Tanya Gold Tanya Gold

Food: Drowning in mustard

issue 29 October 2011

The St Pancras Renaissance London Hotel, by Marriott, is 14 syllables long, which is too many. The best hotels have two syllables or at most three, but I can’t spend my life looking for two-syllable hotels with restaurants to review because I would go mad and so would you. Even so, the glorious red building, which looks like the backside of Christchurch after a dust storm, is at last restored and it has fine dining by Marcus Wareing in a restaurant called The Gilbert Scott.

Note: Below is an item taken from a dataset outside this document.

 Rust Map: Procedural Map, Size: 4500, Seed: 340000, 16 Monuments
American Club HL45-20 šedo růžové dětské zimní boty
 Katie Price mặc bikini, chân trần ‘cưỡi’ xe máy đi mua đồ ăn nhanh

In we go to the vast curved room, which is at the front of the hotel, with views of the Euston Road, which, as ever, looks like downtown Chernobyl hosting a Chicken Shack convention. And guess what? The walls are mustard-coloured. You know how some stylistic crimes are so complete they destroy everything? This room is perhaps 80 foot long and 30 foot high. It is a great, sexy curve, built before Disraeli put an Empress’s crown on Victoria’s small head. It should be full of reds and greens and all the pride and fury of its time. Or maybe it should be an edgy canteen with fish and chips and iPod docking stations for the backpackers in the terminal below. But it’s mustard — prim, dull, safe, despicable little mustard.

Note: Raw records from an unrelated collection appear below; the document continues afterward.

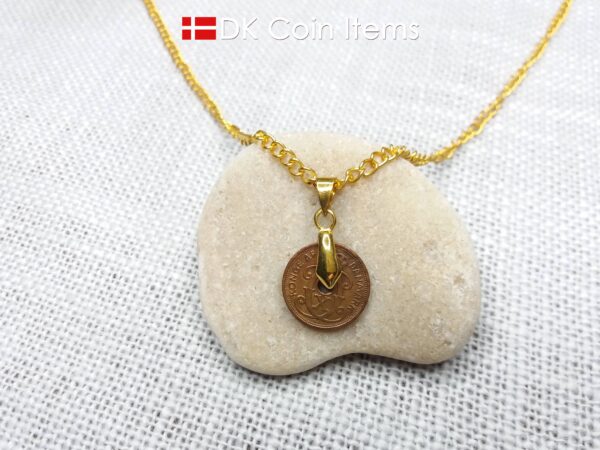 Denmark 1930 coin necklace. 94 year old coin pendant. Copper 1 ore with Crown C initial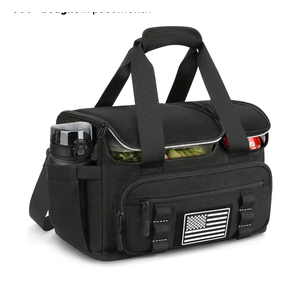 ETRONIK Tactical Lunch Bag for Men, 15L Insulated Lunch Box with Hot/Cold Compartments, Men's Lunch Box Fits 3 Meals + Snacks, Adult Lunch 8H Cooler Bags for Work, Hiking, Beach, Gym, Black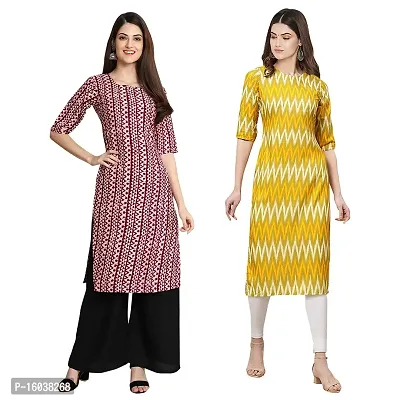 Stylish Digital Printed Women Crepe Kurta- Pack of 2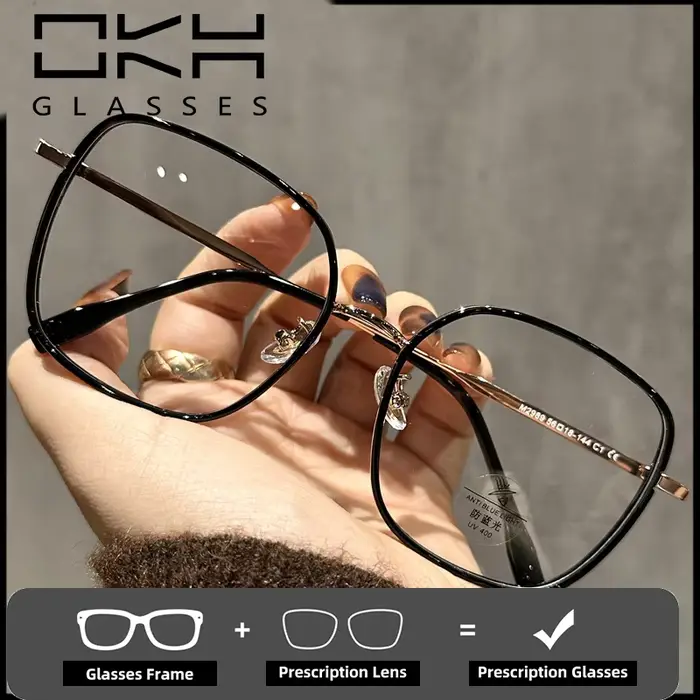 OKH mode grand cadre carré myopie lunettes pour hommes et femmes Anti-bleu Prescription
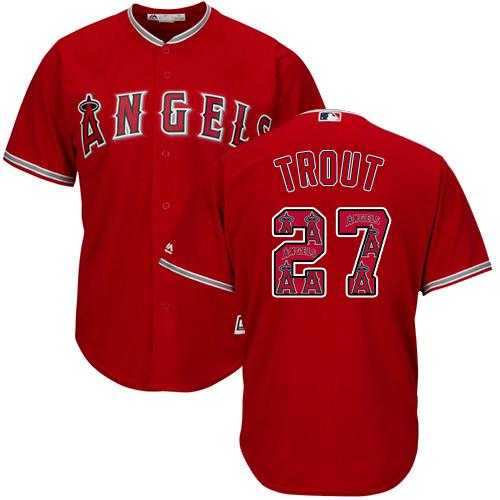 Los Angeles Angels Of Anaheim #27 Mike Trout Red Team Logo Fashion Stitched MLB Jersey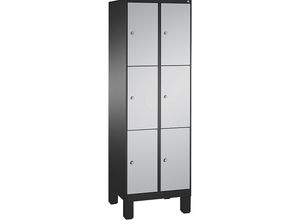 4056211569191 - EVOLO Fächerschrank mit Füßen 2 Abteile je 3 Fächer Abteilbreite 300 mm schwarzgrau   weißaluminium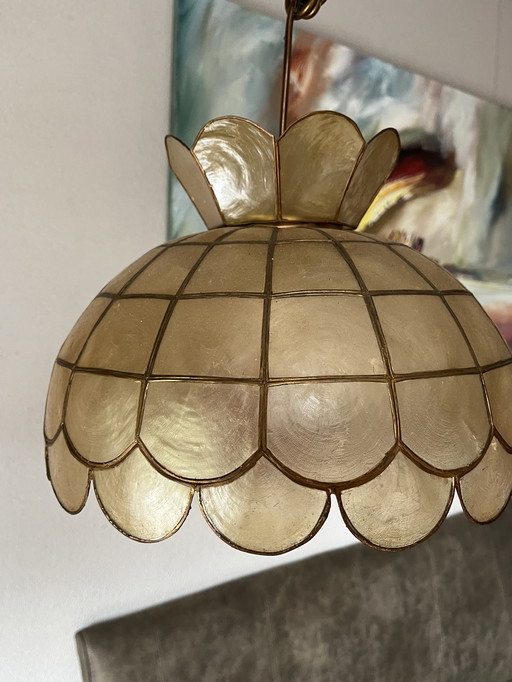 Vintage Capiz shell pendant lamp - Ø 35 cm.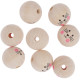 Wooden Balls with Cat Face ⌀3cm 8pcs., DP Craft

As if reading my fury, we are settled into the worst table in the restaurant, in a tiny corner next to a service station, so I can watch the staff decorating a pudding and enjoy a view of miles of uninterrupted mustard. I wouldn’t mind this, except it is almost empty at Friday lunchtime, so the staff have clearly decided they don’t like the look of us. Two women dining alone and we get a rubbish table.